**What to do**
Please set down every entry again exactly as it stands, without the pictures.

**Given records**
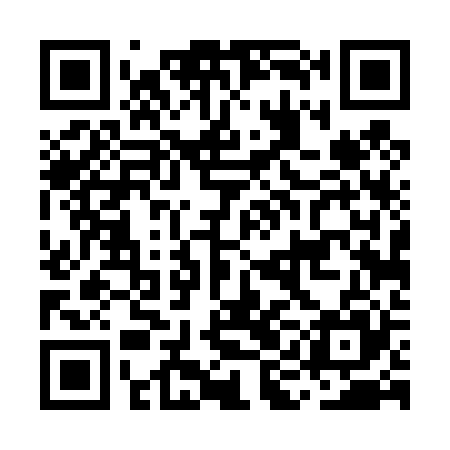 QR code for MID425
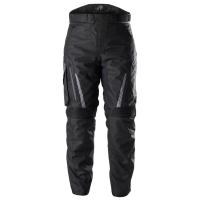 Furygan Мотоштаны Killington Черный/Серый в Иркутске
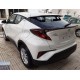 TOYOTA CHR- 16/23; ARAÇ BİLGİLERİ VE RESİMLERİ - Yedek Parça | Parça Dükkanda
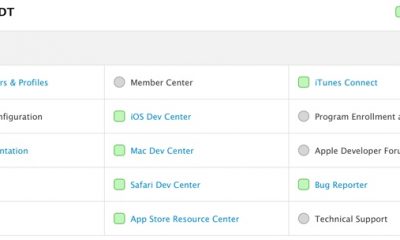 devstatus.jpg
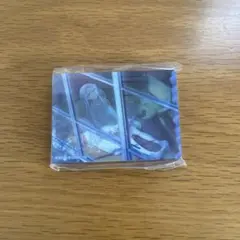 【新品未使用】 プロセカ ノーブルアート 宵崎奏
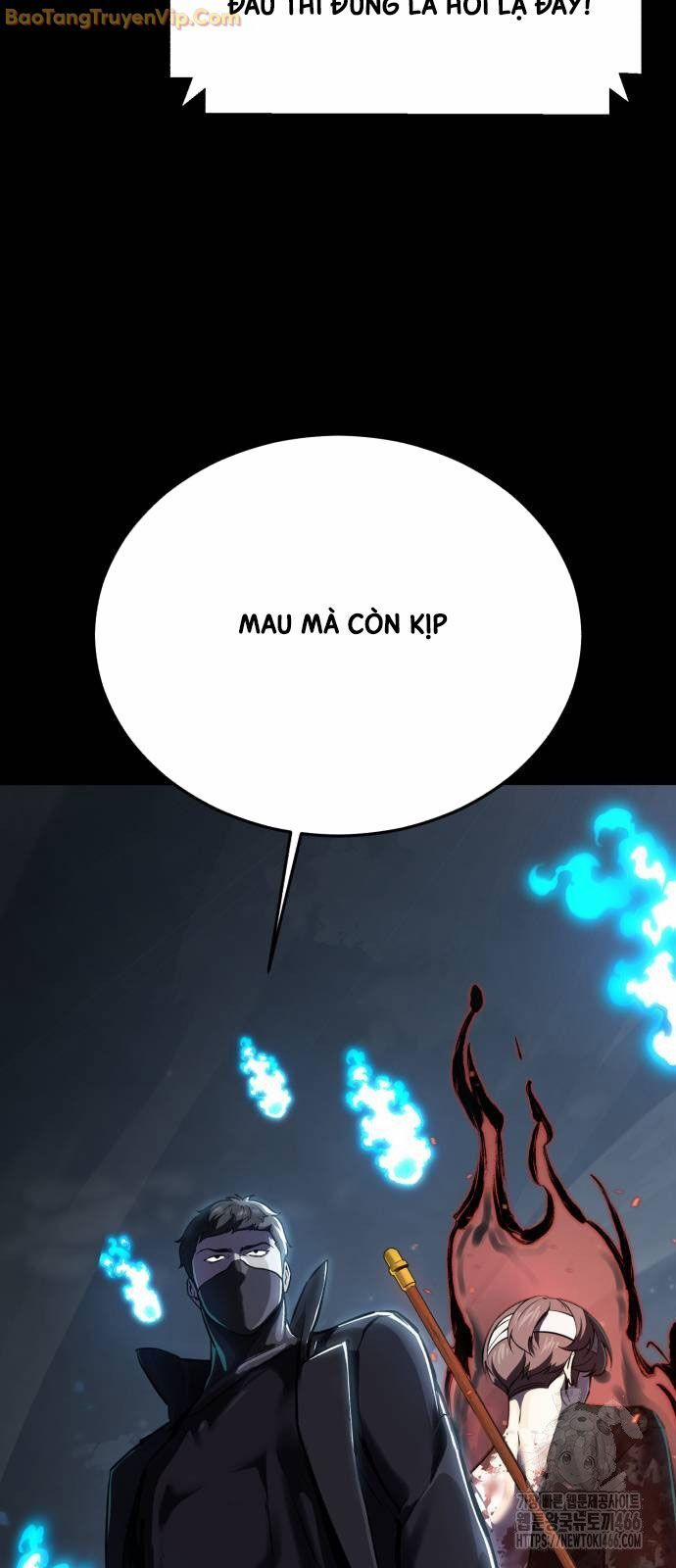 Cậu Bé Của Thần Chết 257 trang 7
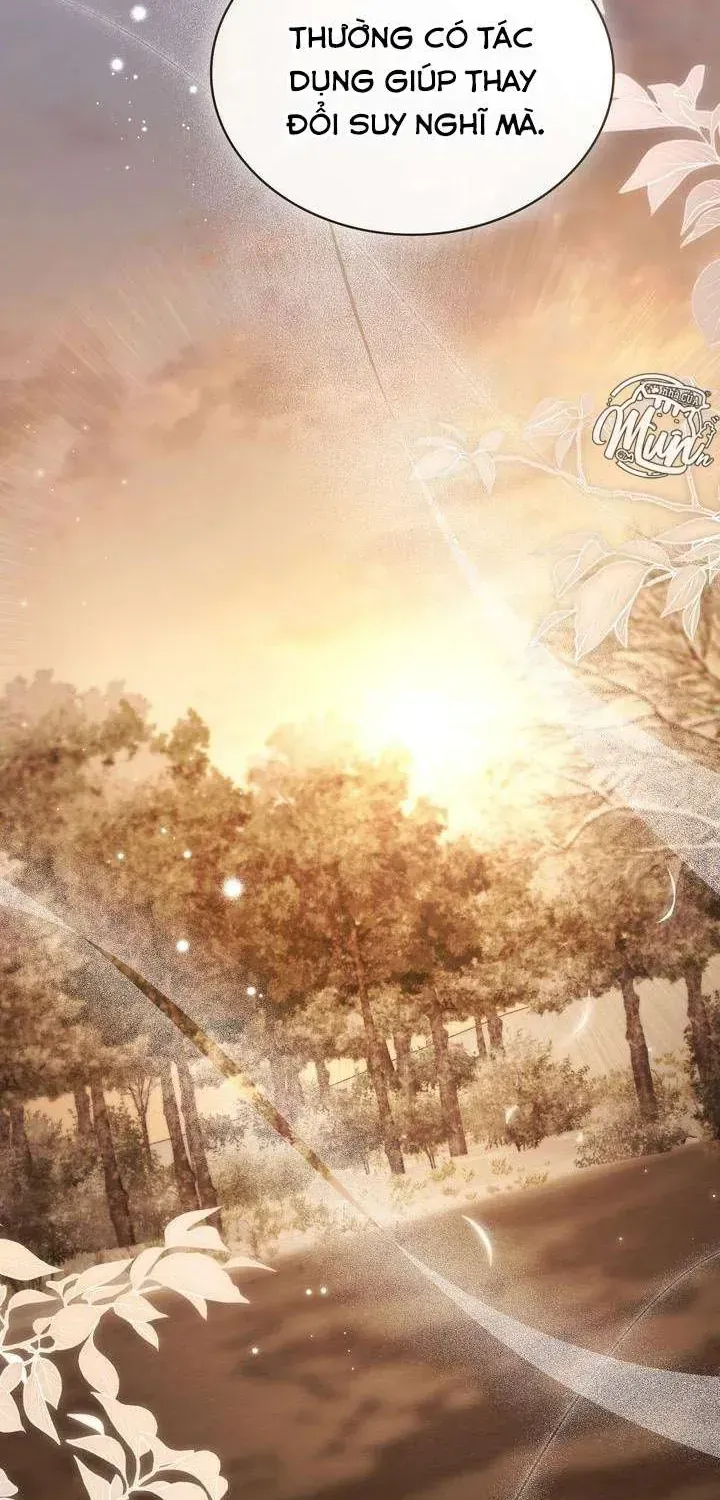 Odalisque Chap 59 - Next Chap 60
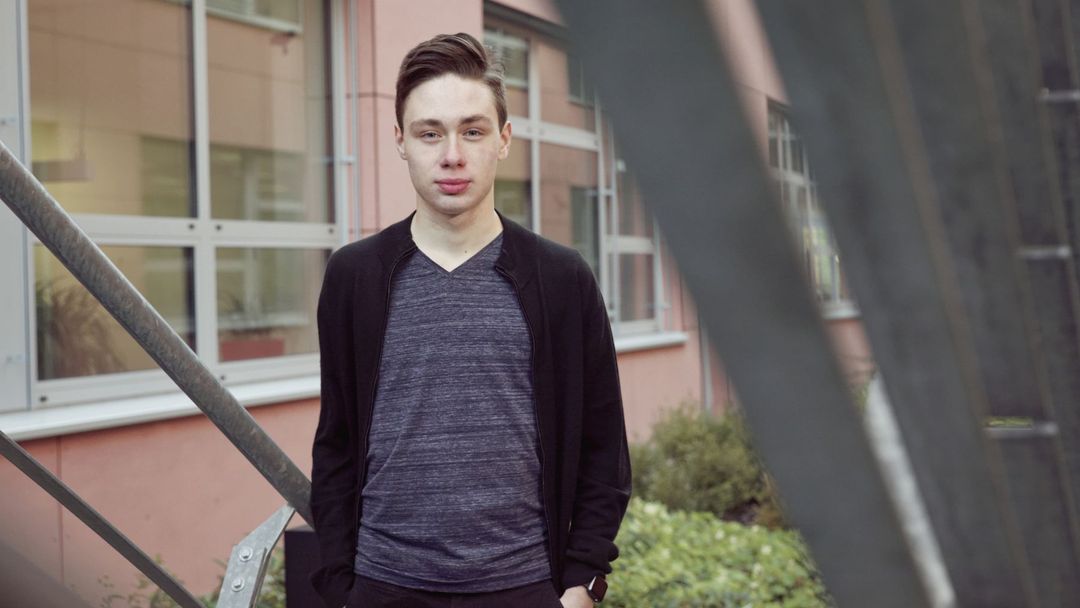 Jan Sláma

**Solution**
 QR code for MID425
 Furygan Мотоштаны Killington Черный/Серый в Иркутске
 TOYOTA CHR- 16/23; ARAÇ BİLGİLERİ VE RESİMLERİ - Yedek Parça | Parça Dükkanda
 devstatus.jpg
 【新品未使用】 プロセカ ノーブルアート 宵崎奏
 Cậu Bé Của Thần Chết 257 trang 7
 Odalisque Chap 59 - Next Chap 60
 Jan Sláma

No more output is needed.